Później rzuciliśmy jeszcze okiem na okolice z wału otaczającego sztuczny
zbiornik elektrowni szczytowo-pompowej Żarnowiec i pojechaliśmy do Nadola,
gdzie rozstawiliśmy namioty nad Jeziorem Żarnowieckim. Dzień minął z 88
kilosami na liczniku, czyli sporo mniej niż w dwa pierwsze dni.
Pobudka o piątej, kolejny wschód Słońca i wyjazd o szóstej. Z samego rana
obejrzeliśmy elektrownię Żarnowiec z bliska, a później miejsce gdzie miała
powstać elektrownia jądrowa (EJŻ – Elektrownia Jądrowa Żarnowiec).

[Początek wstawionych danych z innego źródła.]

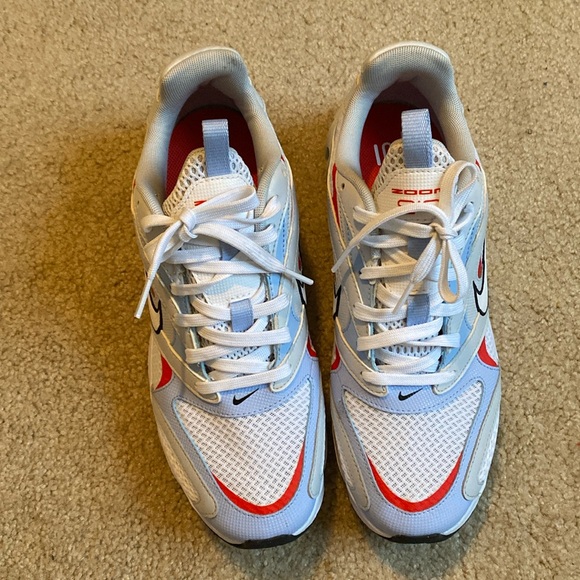 Nike Zoom Air Fire sneakers. White Royal Tint. Size 10 women’s. - Picture 1 of 7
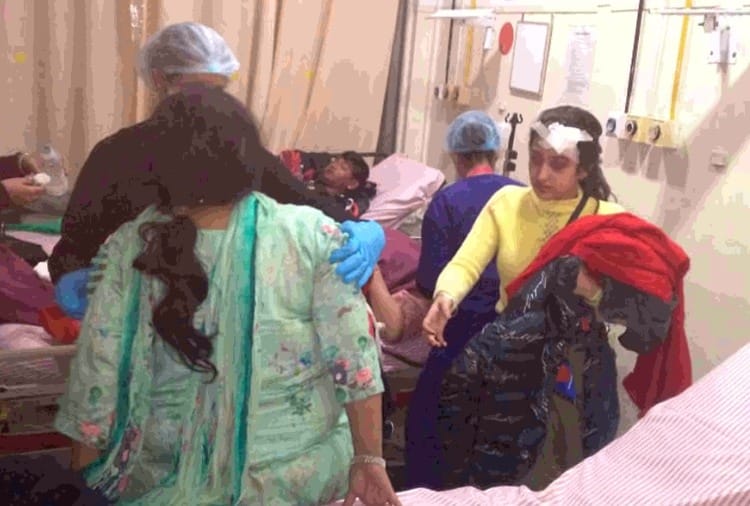 21 passengers injured after bus overturns in Pathankot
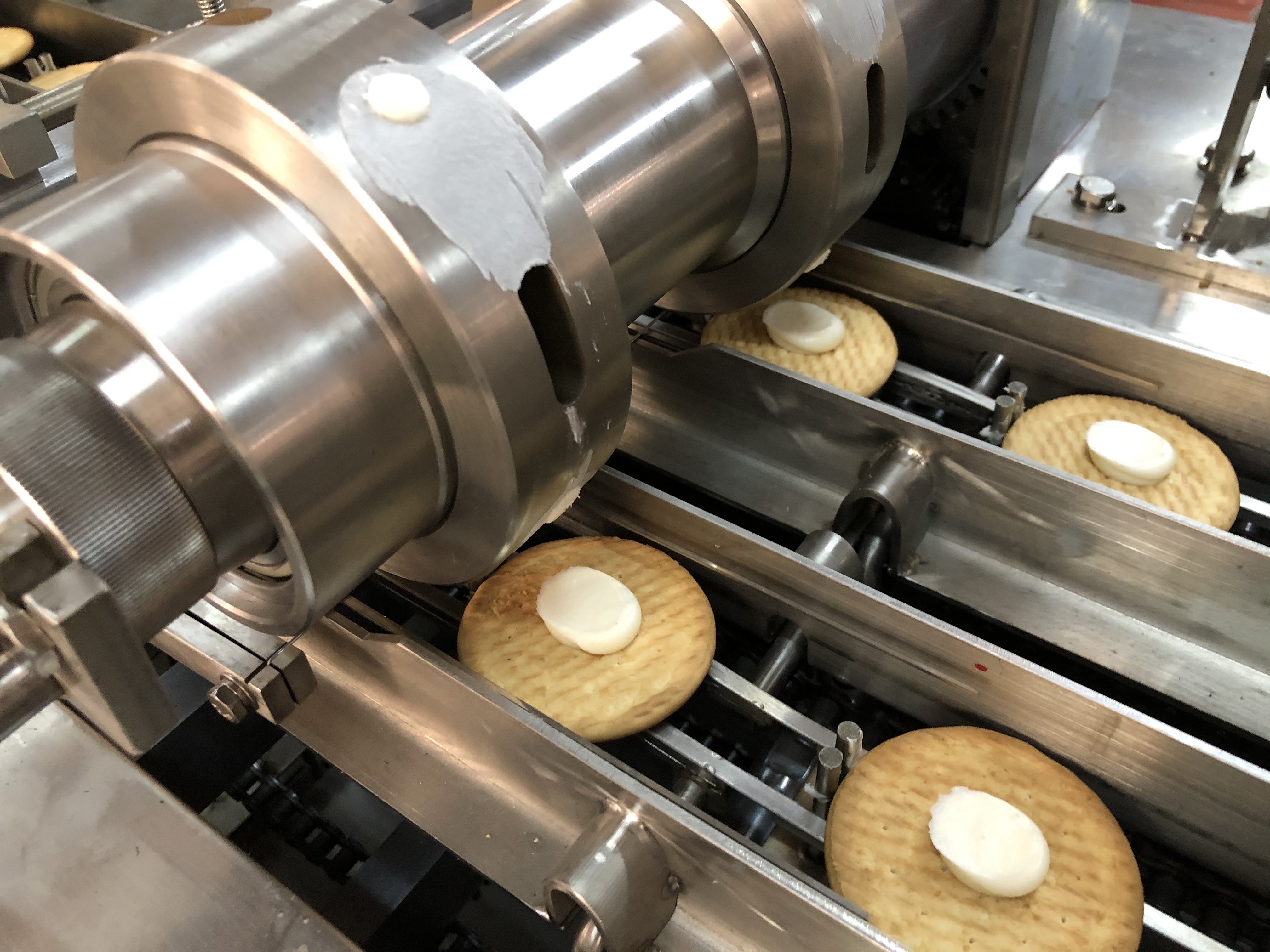 Schneider Electric 1200 Sandwiches/Min Cream Biscuit Machine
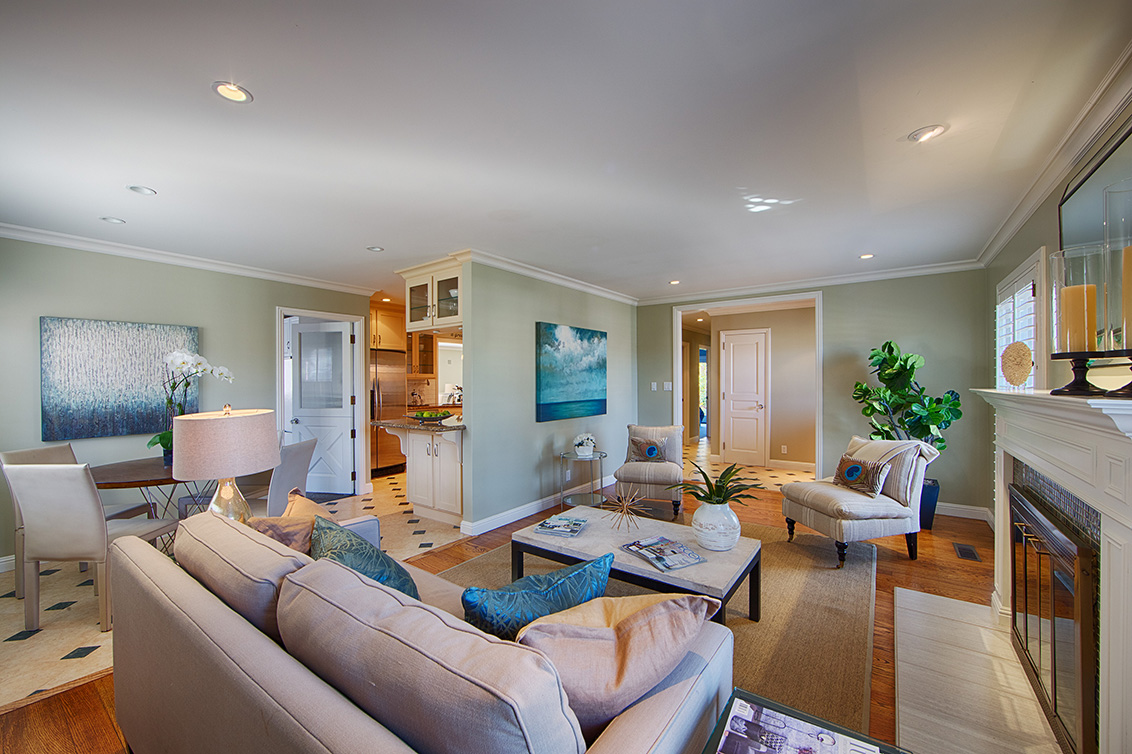Living Room (C) picture - 3524 Michael Dr, San Mateo 94403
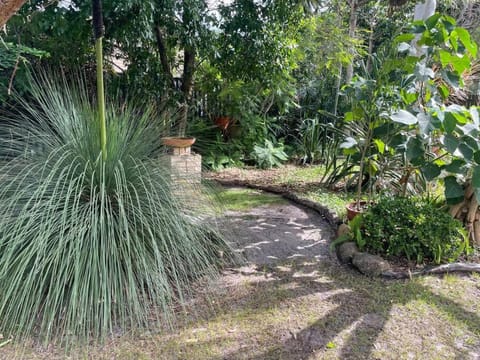 Pandanus Paradise. Newly renovated 4 bedroom home Haus in Tweed Heads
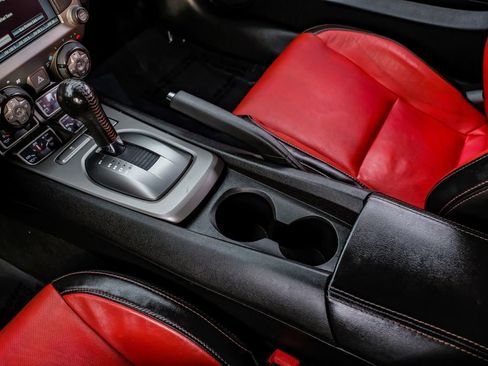 Used 2015 Chevrolet Camaro SS w/ RS Package RWD image 27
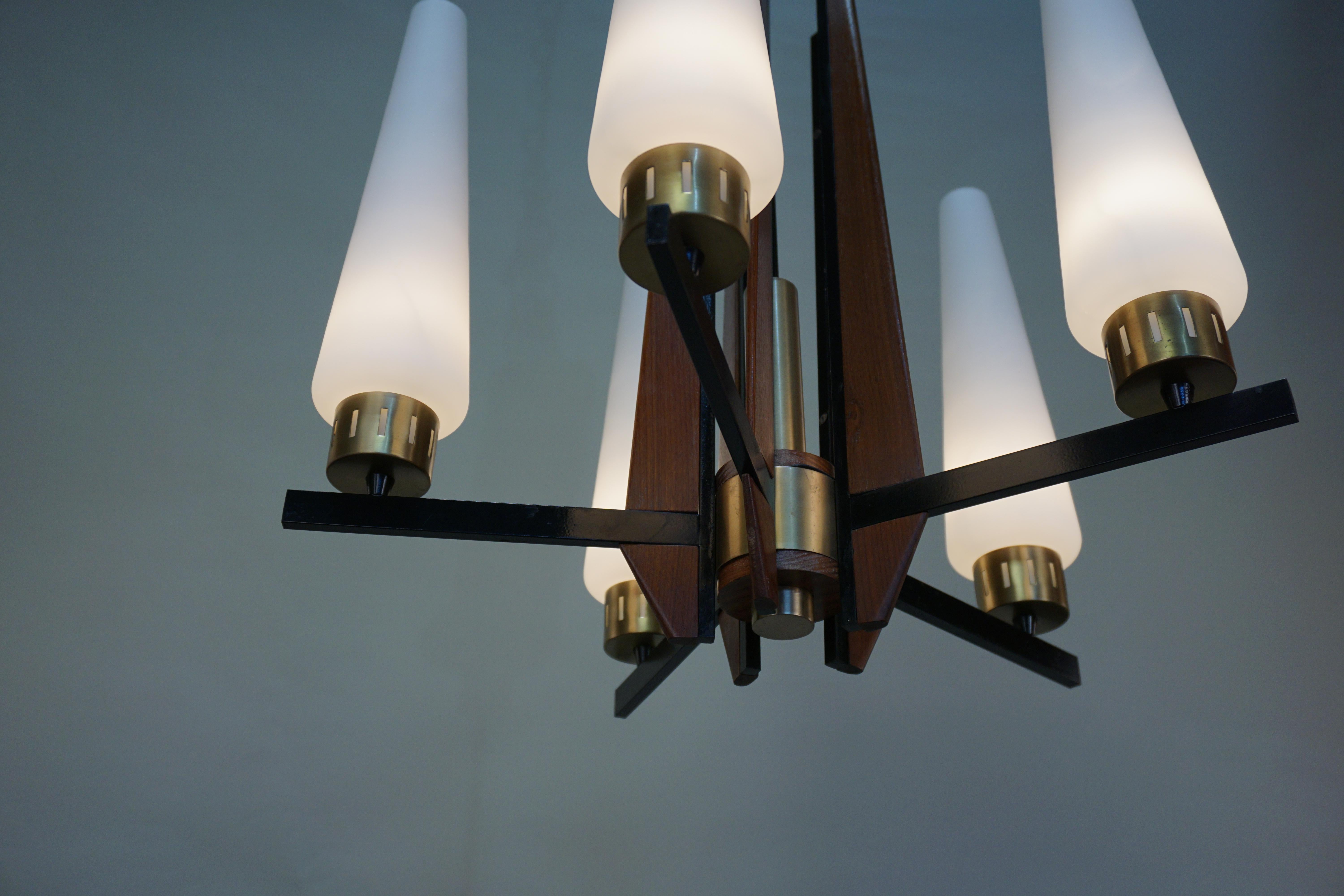 Italian Midcentury Glass, Wood and Bronze Chandelier 1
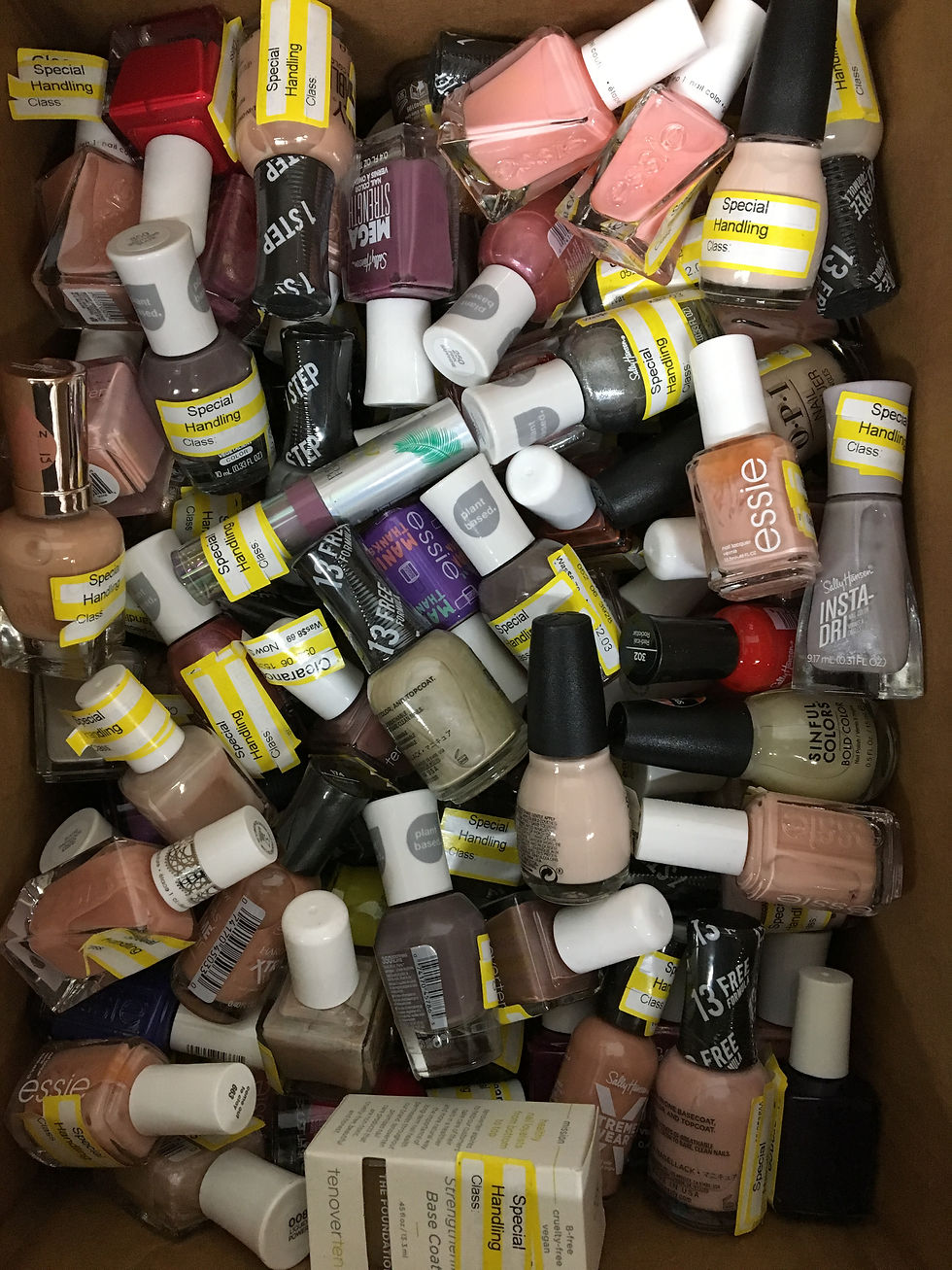 Thumbnail: Great Case Lot Of Nail Polish - 200 Units - Shelf Pulls - Lots Of Great Brands!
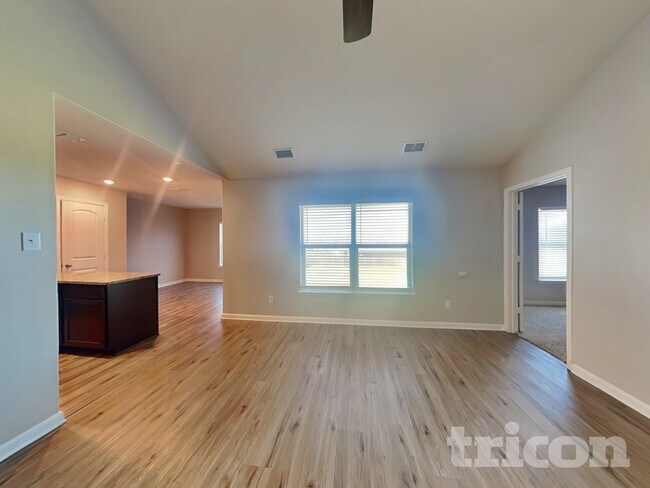 108 Saloon Cv E, Unit 104 in Newark, TX - Building Photo - Building Photo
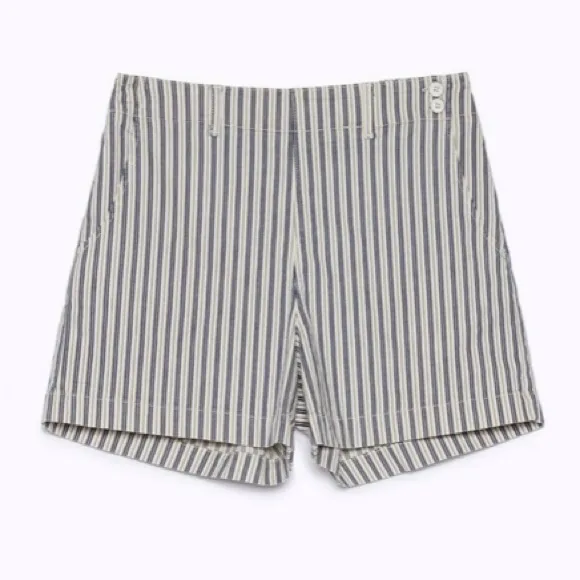 AG The Juliette Short Navy and White Stripe Sz 28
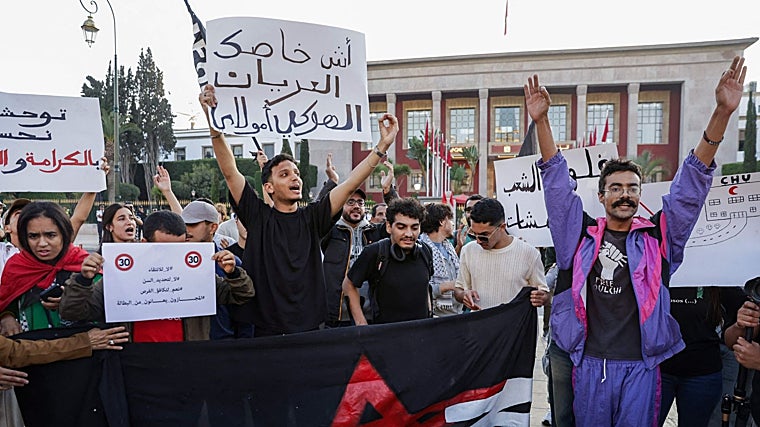 Jóvenes participan en una manifestación para exigir reformas en la sanidad pública y la educación frente al Parlamento en Rabat (Marruecos)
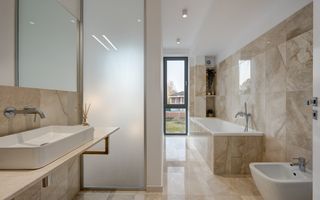 VILA NOU CONSTRUITA CU 4 CAMERE LA VANZARE IN ZONA IANCU NICOLAE - Poză 13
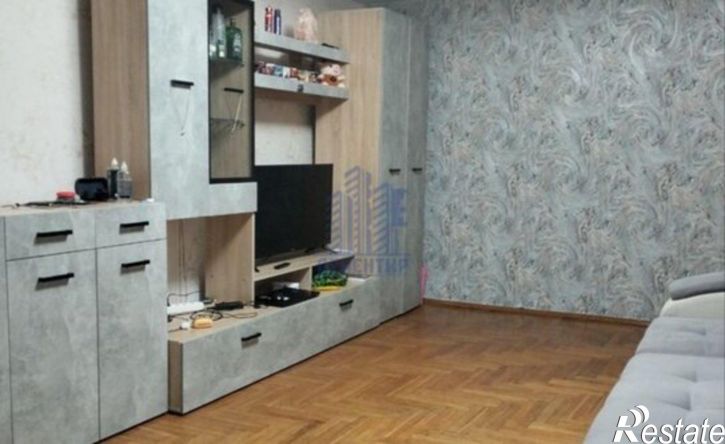 4-комн квартира пр-кт Максима Горького, 15,  д. 15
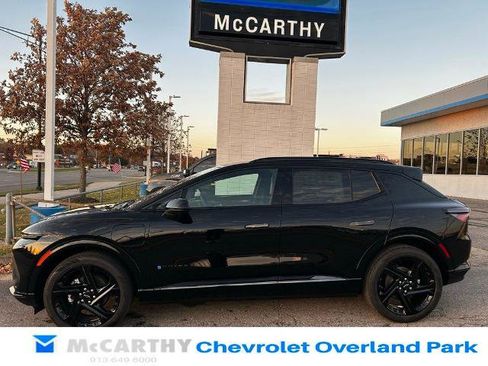 New 2026 Chevrolet Equinox EV RS image 3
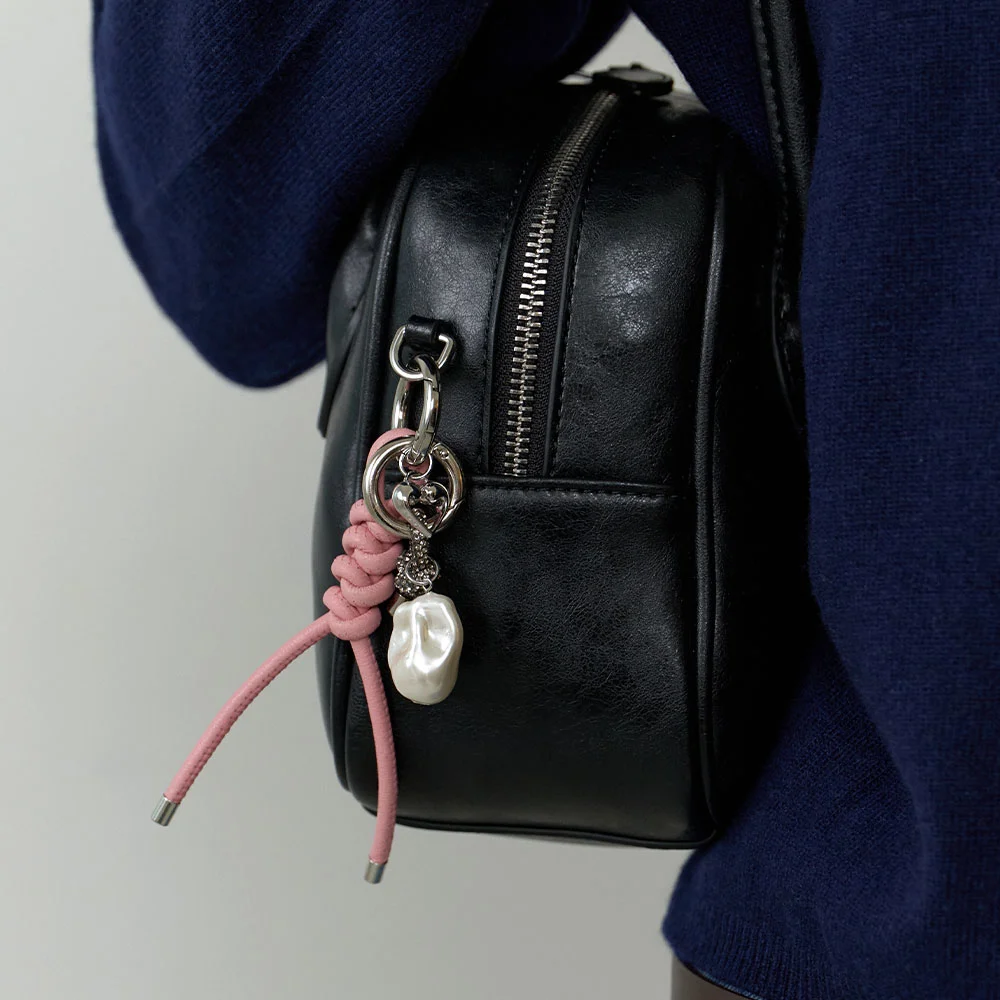 Chic Pearl Cubic Knot Keyring (L253MSG080)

Elektrownia pompowo-szczytowa w miejscowości Czymanowo funkcjonuje od 1983
roku. Wykorzystuje ona ponad 100-metrową różnicę wysokości pomiędzy
powierzchnią jeziora, a wysoczyzną, na której zlokalizowano sztuczny
zbiornik wodny (patrz: dzień trzeci - ostatnie zdjęcie) o pojemności 13,8 mln
metrów sześciennych (PS: świetnie się zjeżdżało z tych 100 metrów –
szczególnie że było już ciemno).
Zaniechana w latach osiemdziesiątych budowa EJŻ wywarła poważny wpływ na
środowisko naturalne. Wykonane prace związane z niwelacją i uzbrojeniem
terenu spowodowały przekształcenie ustroju wodnego jeziora. Okresowy pobór
wody na cele energetyczne spowodował zachwianie łańcucha produkcji
biologicznej w jeziorze, zmiany warunków sedymentacji oraz przekształcenie
linii brzegowej. Obecnie na obszarze, gdzie miała stać polska jądrówka, jest
Specjalna Strefa Ekonomiczna „Żarnowiec” i pracują tam przeróżne firmy i
zakłady, a wiele jest budowanych.
Po tych atrakcjach udaliśmy się na zachód. Niestety wiatr nam nie sprzyjał,
a dodatkowo zaczęło się chmurzyć i lekko kropić. Nie było to budujące, ale w
takich warunkach trzeba było pokonać 20 km. Później na szczęście się
wypogodziło i reszta drogi do Lęborka była już słoneczna. Po drodze
obejrzeliśmy wiatrak z 1765 r. znajdujący się w Zdrzewnie, a koło
miejscowości Garczegorze uziemione samoloty stojące koło stacji benzynowej
(znawcy zapewne łatwo rozpoznają modele).
W Lęborku jeszcze znaleźliśmy czas na lody włoskie i o 1449 wsiedliśmy do
pociągu, który wysadził nas na Żuławach Wiślanych.